Problem> Read the data below. Then repeat all of it exactly.

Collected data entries
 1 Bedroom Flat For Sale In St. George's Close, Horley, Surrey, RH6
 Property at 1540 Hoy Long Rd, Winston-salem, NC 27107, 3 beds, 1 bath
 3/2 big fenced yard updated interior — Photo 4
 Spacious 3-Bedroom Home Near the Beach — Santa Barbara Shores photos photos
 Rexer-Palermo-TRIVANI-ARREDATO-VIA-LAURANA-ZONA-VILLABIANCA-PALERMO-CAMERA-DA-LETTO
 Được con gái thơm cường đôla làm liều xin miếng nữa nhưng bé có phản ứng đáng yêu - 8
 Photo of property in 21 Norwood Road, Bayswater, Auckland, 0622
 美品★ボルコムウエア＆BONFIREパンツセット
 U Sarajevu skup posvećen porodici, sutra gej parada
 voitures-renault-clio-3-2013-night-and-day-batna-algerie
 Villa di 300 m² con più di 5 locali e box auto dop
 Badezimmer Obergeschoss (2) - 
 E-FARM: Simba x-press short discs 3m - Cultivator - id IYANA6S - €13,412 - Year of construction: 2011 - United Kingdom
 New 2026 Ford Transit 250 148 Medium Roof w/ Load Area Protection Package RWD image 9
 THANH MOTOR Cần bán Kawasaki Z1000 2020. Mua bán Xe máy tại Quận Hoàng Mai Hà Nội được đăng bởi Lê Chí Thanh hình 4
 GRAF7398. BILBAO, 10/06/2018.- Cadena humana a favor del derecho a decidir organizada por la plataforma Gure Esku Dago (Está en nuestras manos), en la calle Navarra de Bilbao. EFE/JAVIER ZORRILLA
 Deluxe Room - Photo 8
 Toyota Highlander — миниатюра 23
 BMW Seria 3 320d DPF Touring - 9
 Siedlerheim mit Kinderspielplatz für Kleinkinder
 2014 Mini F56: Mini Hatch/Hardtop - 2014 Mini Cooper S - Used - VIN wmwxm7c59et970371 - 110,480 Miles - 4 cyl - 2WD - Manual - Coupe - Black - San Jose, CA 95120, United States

Solution>
 1 Bedroom Flat For Sale In St. George's Close, Horley, Surrey, RH6
 Property at 1540 Hoy Long Rd, Winston-salem, NC 27107, 3 beds, 1 bath
 3/2 big fenced yard updated interior — Photo 4
 Spacious 3-Bedroom Home Near the Beach — Santa Barbara Shores photos photos
 Rexer-Palermo-TRIVANI-ARREDATO-VIA-LAURANA-ZONA-VILLABIANCA-PALERMO-CAMERA-DA-LETTO
 Được con gái thơm cường đôla làm liều xin miếng nữa nhưng bé có phản ứng đáng yêu - 8
 Photo of property in 21 Norwood Road, Bayswater, Auckland, 0622
 美品★ボルコムウエア＆BONFIREパンツセット
 U Sarajevu skup posvećen porodici, sutra gej parada
 voitures-renault-clio-3-2013-night-and-day-batna-algerie
 Villa di 300 m² con più di 5 locali e box auto dop
 Badezimmer Obergeschoss (2) - 
 E-FARM: Simba x-press short discs 3m - Cultivator - id IYANA6S - €13,412 - Year of construction: 2011 - United Kingdom
 New 2026 Ford Transit 250 148 Medium Roof w/ Load Area Protection Package RWD image 9
 THANH MOTOR Cần bán Kawasaki Z1000 2020. Mua bán Xe máy tại Quận Hoàng Mai Hà Nội được đăng bởi Lê Chí Thanh hình 4
 GRAF7398. BILBAO, 10/06/2018.- Cadena humana a favor del derecho a decidir organizada por la plataforma Gure Esku Dago (Está en nuestras manos), en la calle Navarra de Bilbao. EFE/JAVIER ZORRILLA
 Deluxe Room - Photo 8
 Toyota Highlander — миниатюра 23
 BMW Seria 3 320d DPF Touring - 9
 Siedlerheim mit Kinderspielplatz für Kleinkinder
 2014 Mini F56: Mini Hatch/Hardtop - 2014 Mini Cooper S - Used - VIN wmwxm7c59et970371 - 110,480 Miles - 4 cyl - 2WD - Manual - Coupe - Black - San Jose, CA 95120, United States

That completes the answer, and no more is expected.